* _Source material_
=== Begin Enclosure ===
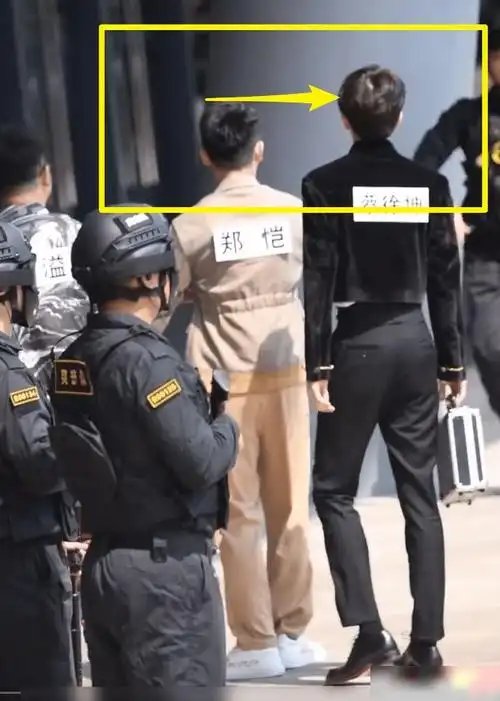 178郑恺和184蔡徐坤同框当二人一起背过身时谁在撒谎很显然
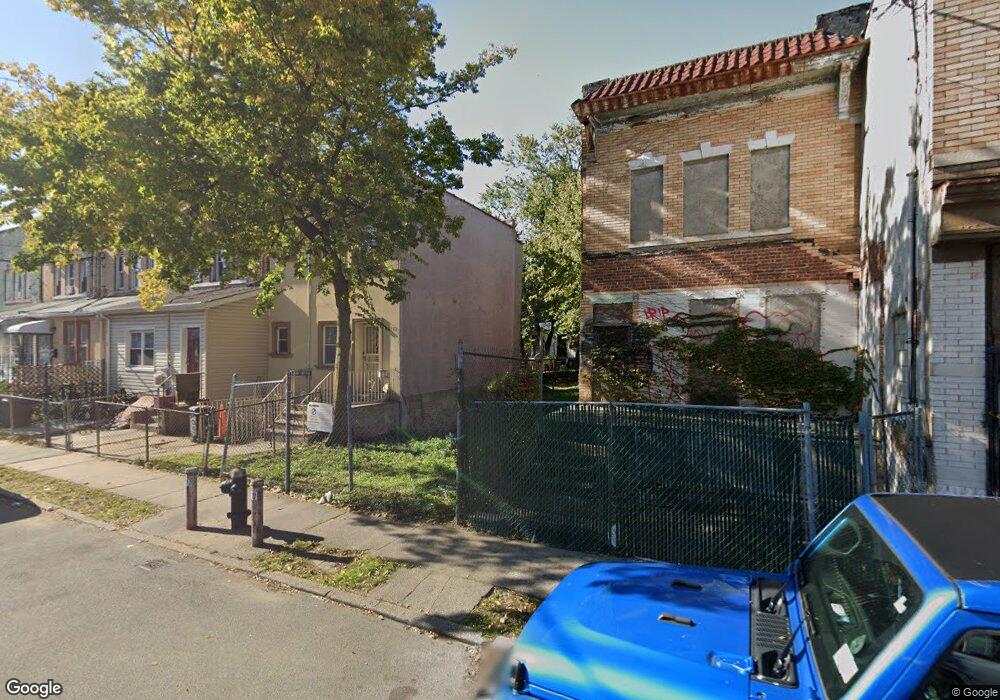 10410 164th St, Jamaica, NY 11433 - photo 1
=== End Enclosure ===
=== Begin Enclosure ===
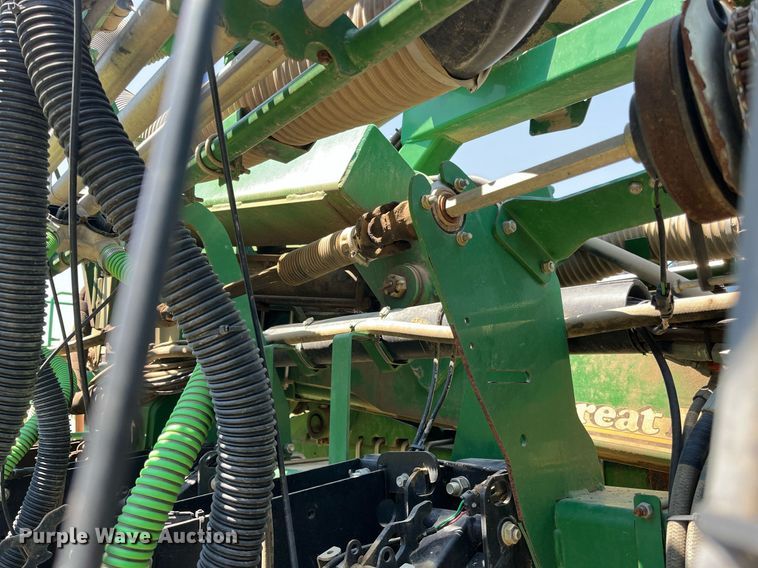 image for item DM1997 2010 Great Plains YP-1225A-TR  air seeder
=== End Enclosure ===
=== Begin Enclosure ===
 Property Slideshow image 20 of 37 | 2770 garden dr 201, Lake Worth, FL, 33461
=== End Enclosure ===
* _Task item_
Using the material above, transcribe exactly the lines from the one holding "178郑恺和184蔡徐坤同框当二人一起背过身时谁在撒谎很显然" to the one holding "10410 164th St, Jamaica, NY 11433 - photo 1", both ends kept. Do not carry over any pictures.

* _Answer to this exercise_
 178郑恺和184蔡徐坤同框当二人一起背过身时谁在撒谎很显然
 10410 164th St, Jamaica, NY 11433 - photo 1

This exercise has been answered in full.